Top of Records provided

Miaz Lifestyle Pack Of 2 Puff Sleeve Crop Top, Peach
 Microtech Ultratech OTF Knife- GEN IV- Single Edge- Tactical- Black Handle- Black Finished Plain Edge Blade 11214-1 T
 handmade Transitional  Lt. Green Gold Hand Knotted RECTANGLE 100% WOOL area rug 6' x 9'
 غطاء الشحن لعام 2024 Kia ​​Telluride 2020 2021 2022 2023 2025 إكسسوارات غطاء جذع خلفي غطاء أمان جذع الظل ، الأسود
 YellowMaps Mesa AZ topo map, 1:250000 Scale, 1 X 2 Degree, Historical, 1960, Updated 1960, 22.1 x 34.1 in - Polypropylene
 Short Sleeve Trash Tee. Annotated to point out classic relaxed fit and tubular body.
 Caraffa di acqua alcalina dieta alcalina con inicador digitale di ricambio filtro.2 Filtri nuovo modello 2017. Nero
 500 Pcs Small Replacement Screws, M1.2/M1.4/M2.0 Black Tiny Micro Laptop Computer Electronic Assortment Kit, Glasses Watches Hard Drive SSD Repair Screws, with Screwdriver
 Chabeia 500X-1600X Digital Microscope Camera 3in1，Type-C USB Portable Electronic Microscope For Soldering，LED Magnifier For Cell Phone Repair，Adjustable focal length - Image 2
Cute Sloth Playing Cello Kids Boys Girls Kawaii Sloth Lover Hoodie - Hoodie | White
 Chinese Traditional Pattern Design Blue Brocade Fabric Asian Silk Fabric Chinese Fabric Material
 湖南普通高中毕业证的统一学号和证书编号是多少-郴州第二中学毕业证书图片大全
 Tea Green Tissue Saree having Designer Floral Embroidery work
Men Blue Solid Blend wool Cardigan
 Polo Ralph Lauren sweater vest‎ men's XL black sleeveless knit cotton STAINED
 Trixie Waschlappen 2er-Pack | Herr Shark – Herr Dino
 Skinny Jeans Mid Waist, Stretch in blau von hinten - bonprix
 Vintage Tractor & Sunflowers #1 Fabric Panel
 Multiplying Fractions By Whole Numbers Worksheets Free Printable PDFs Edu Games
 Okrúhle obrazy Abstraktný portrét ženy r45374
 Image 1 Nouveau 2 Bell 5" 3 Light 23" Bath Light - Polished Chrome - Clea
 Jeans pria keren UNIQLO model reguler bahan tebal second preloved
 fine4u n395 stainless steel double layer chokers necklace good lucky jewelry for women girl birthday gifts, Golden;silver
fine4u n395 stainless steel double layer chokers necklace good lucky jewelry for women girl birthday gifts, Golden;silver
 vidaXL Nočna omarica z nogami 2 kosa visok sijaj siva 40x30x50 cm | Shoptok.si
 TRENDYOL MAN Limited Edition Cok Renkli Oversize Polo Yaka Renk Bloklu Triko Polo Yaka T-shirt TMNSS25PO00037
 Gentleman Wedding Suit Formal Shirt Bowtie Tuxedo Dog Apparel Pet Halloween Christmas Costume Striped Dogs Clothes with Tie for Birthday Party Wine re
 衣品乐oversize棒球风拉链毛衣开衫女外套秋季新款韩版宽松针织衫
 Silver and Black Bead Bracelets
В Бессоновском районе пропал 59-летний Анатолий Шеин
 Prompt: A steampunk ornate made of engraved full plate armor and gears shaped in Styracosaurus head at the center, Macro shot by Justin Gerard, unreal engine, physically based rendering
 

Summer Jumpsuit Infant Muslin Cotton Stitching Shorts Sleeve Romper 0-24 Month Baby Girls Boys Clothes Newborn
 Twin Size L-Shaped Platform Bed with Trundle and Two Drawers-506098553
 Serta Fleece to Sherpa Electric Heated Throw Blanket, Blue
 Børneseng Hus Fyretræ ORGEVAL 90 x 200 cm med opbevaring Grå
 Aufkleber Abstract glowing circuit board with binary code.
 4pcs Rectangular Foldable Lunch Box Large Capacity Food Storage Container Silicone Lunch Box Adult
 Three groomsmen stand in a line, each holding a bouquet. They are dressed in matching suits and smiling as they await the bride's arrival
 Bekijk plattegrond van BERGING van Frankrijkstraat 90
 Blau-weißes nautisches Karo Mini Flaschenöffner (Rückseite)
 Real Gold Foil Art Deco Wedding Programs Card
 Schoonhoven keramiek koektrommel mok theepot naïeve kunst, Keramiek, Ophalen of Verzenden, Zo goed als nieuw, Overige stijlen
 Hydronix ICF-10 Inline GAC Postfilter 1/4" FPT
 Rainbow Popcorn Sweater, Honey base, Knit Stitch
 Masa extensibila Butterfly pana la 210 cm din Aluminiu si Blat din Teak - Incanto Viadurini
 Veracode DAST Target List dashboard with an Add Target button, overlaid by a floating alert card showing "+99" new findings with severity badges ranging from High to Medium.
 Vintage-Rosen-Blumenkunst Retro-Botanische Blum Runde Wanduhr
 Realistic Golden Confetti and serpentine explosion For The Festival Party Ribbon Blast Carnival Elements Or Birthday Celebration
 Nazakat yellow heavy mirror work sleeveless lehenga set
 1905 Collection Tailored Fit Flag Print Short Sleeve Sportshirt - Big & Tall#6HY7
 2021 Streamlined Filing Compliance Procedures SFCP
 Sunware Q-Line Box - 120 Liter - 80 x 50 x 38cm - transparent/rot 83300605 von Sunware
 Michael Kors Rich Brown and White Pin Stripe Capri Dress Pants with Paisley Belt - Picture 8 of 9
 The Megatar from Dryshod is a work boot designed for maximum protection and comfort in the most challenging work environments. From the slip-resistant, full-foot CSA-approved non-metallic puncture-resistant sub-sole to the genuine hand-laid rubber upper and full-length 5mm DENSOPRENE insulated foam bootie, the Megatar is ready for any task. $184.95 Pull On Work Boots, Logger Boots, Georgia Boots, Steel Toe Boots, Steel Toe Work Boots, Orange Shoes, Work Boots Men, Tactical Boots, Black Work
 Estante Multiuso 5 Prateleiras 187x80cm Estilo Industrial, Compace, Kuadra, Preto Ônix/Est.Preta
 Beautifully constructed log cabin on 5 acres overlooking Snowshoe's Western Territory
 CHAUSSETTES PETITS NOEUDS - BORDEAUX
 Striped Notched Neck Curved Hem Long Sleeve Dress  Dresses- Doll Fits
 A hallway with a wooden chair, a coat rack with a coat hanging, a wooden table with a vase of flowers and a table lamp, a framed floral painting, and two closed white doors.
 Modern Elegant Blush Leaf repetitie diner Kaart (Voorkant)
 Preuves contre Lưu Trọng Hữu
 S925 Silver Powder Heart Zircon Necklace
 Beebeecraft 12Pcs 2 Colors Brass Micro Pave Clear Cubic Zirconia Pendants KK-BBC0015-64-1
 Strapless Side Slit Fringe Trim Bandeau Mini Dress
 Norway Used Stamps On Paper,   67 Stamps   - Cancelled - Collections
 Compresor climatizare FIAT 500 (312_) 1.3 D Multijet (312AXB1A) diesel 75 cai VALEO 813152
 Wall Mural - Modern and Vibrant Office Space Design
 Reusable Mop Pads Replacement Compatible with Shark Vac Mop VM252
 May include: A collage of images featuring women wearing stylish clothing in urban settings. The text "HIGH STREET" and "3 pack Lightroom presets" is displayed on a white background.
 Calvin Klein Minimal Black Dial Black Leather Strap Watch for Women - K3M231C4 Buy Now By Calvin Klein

Bottom of Records provided

The task: Report each line in the preceding entries that holds the string "Tactical".

Your solution:
 Microtech Ultratech OTF Knife- GEN IV- Single Edge- Tactical- Black Handle- Black Finished Plain Edge Blade 11214-1 T
 The Megatar from Dryshod is a work boot designed for maximum protection and comfort in the most challenging work environments. From the slip-resistant, full-foot CSA-approved non-metallic puncture-resistant sub-sole to the genuine hand-laid rubber upper and full-length 5mm DENSOPRENE insulated foam bootie, the Megatar is ready for any task. $184.95 Pull On Work Boots, Logger Boots, Georgia Boots, Steel Toe Boots, Steel Toe Work Boots, Orange Shoes, Work Boots Men, Tactical Boots, Black Work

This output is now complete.